Les îles Hawaii sont constituées par de grands volcans basaltiques, éteints et en partie démantelés par l'érosion à l'ouest et au
centre, mais encore actifs dans l'est de l'île d'Hawaii où se trouve le plus grand volcan actif du monde, le Mauna Loa (4 169 m), flanqué
à l'est du plus petit Kilauea (1 248 m), aux fréquentes et spectaculaires éruptions. C'est en effet à l'extrémité sud-est de l'archipel que
se situe le « point chaud » qui perce la plaque océanique du Pacifique et par où ont été et continuent à être émises les gigantesques
quantités de laves qui ont constitué la dorsale hawaïenne. L'énorme empilement des coulées de basaltes, fluides lorsqu'ils sont en
fusion, donne des cônes aux formes douces mais aux dimensions impressionnantes. Le Mauna Kea, point culminant de l'archipel (4 205
m), comme le Mauna Loa figurent parmi les montagnes les plus puissantes du globe si l'on considère qu'ils s'élèvent depuis un fond
marin à — 5 000 mètres ou — 6 000 mètres.

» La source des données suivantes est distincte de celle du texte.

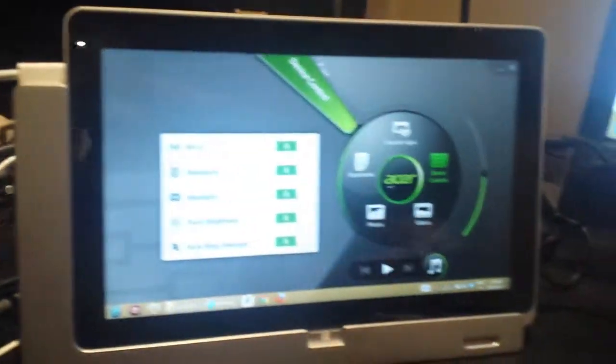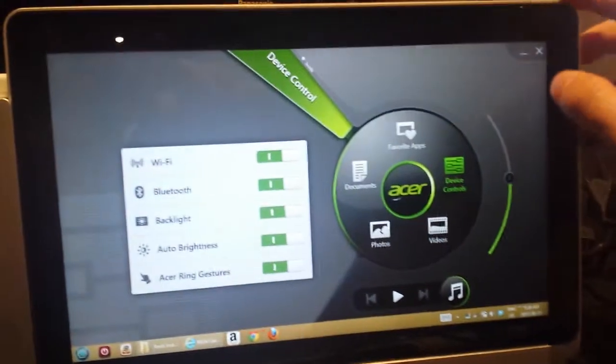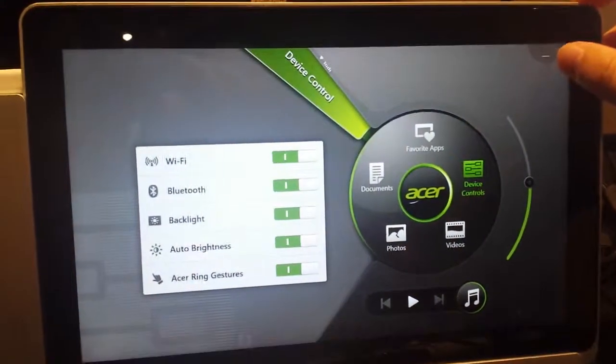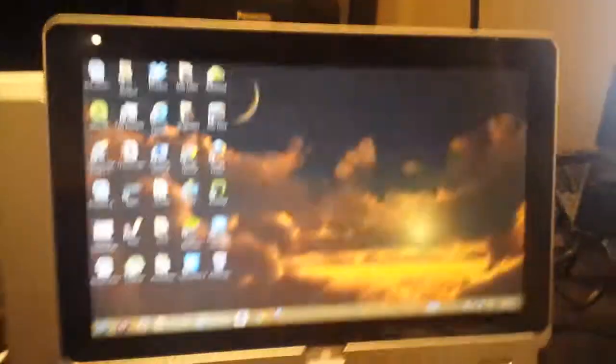And then if you want to use the device again, just touch the screen again. And it's as easy as that. Okay? Cheers!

Dans l'île d'Hawaii et dans l'est de Maui (volcan Haleakala, 3 055 m), ce sont les paysages
de construction volcanique qui l'emportent, même si quelques formes spectaculaires d'érosion apparaissent (vallée de Waipio au nord
de l'île d'Hawaii). Dans les autres îles au contraire, à part quelques petits cônes de scories aux formes très fraîches qui témoignent
d'une reprise très récente de l'activité (Diamond Head dominant Waikiki à Oahu), ce sont les paysages nés de la destruction des
édifices volcaniques par l'érosion et les affaissements tectoniques qui dominent, avec de véritables canyons (Waimea à Kauai), de
grandes falaises (nord de Molokai) et abrupts ( pali), plus ou moins verticaux sur des hauteurs considérables.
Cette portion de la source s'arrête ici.